The Ritter & Randolph, LLC Blog

The 3-day Loophole

The anticipation can be felt in any closing nowadays. The anticipation for the new TILA-RESPA rules to take effect, that is. And, although they are not going to go away, people keep talking about them like they will. One of the biggest, if not THE biggest change is the implementation of the 3-day Closing Disclosure rule. The rule states that the new Closing Disclosure (CD) form (as discussed in my previous blog) needs to be in the hands of the borrower at least three days before the closing. This rule and the CD itself is fear inducing fodder for conversation among those in real estate.

I was recently at a seminar on the new rules when a representative for a lender, who was not the key speaker, brought up a very significant point. He mentioned a legal “loophole” in the 3-day rule that, according to him, most banks/financial institutions will take advantage of.

The loophole is as follows: the rule states that the Disclosure has to be in the hands of the borrower at least three days from the closing. Notice how there is no at most language. What this means is that lenders can deliver the CD any time prior to the three days. This could be two weeks or three weeks prior to the closing. How is that a good thing? Well, what a lender could do is deliver the CD any time prior to the three days regardless of complete accuracy of the information therein and they will have satisfied the rule. Then, if there are any changes, they have up until one day before the closing to get the CD to the borrower thus extending the time for them to get the CD to the borrower by two days.

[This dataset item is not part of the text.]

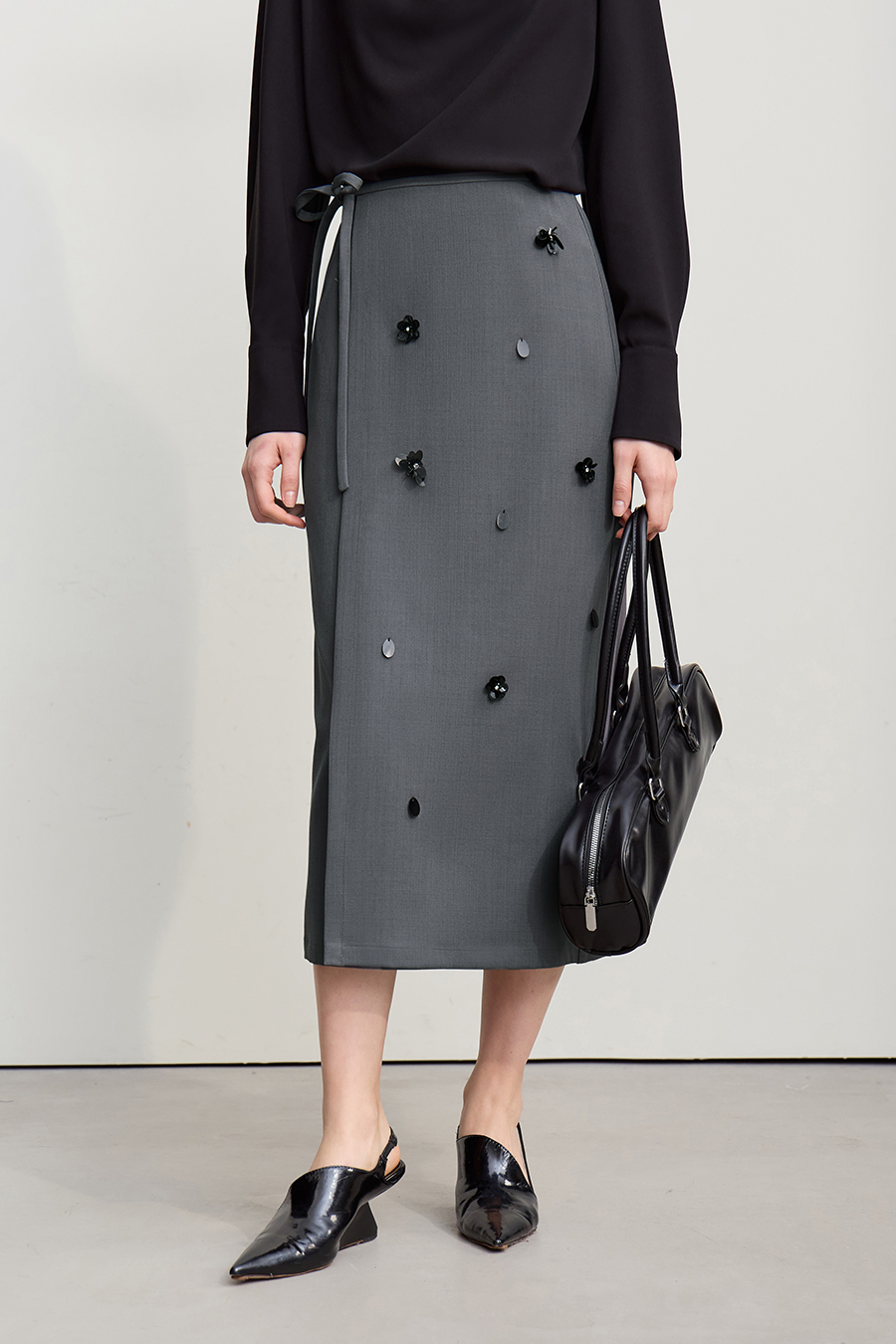 Handmade Beaded Floral Skirt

The 3-day rule does not restart unless one of the three following changes occur:

  1. If there is a change to the APR by more than 1/8% for most loans (and 1/4% for loans with irregular payments or periods);
  2. Changes to the loan product (i.e. from a 30 year to a 15 year); or
  3. An addition of a prepayment penalty to the loan.

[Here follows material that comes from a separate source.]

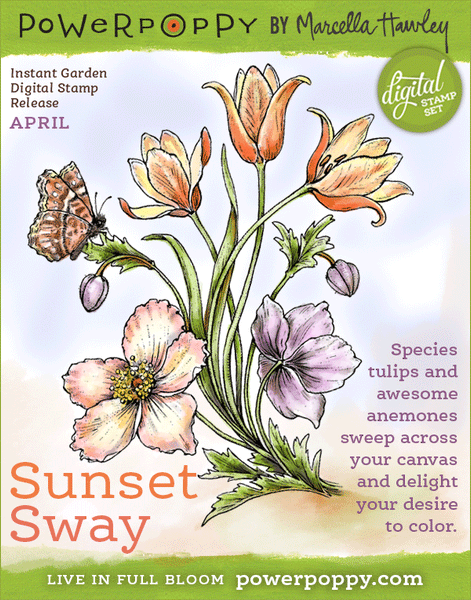 Sunset Sway Digital Stamp Set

These are significant changes that do not regularly happen and thus would affect most closings. So a lender could issue the CD two weeks prior to the 3-day rule and then continue reissuing CDs up until 1 day prior to the closing provided none of the above three changes are made.

All in all, this is definitely going to be a challenging time in the real estate world. However, I believe the more familiar we get with the new rules, the more comfortable we will be, and the more we may actually see light at the end of the tunnel.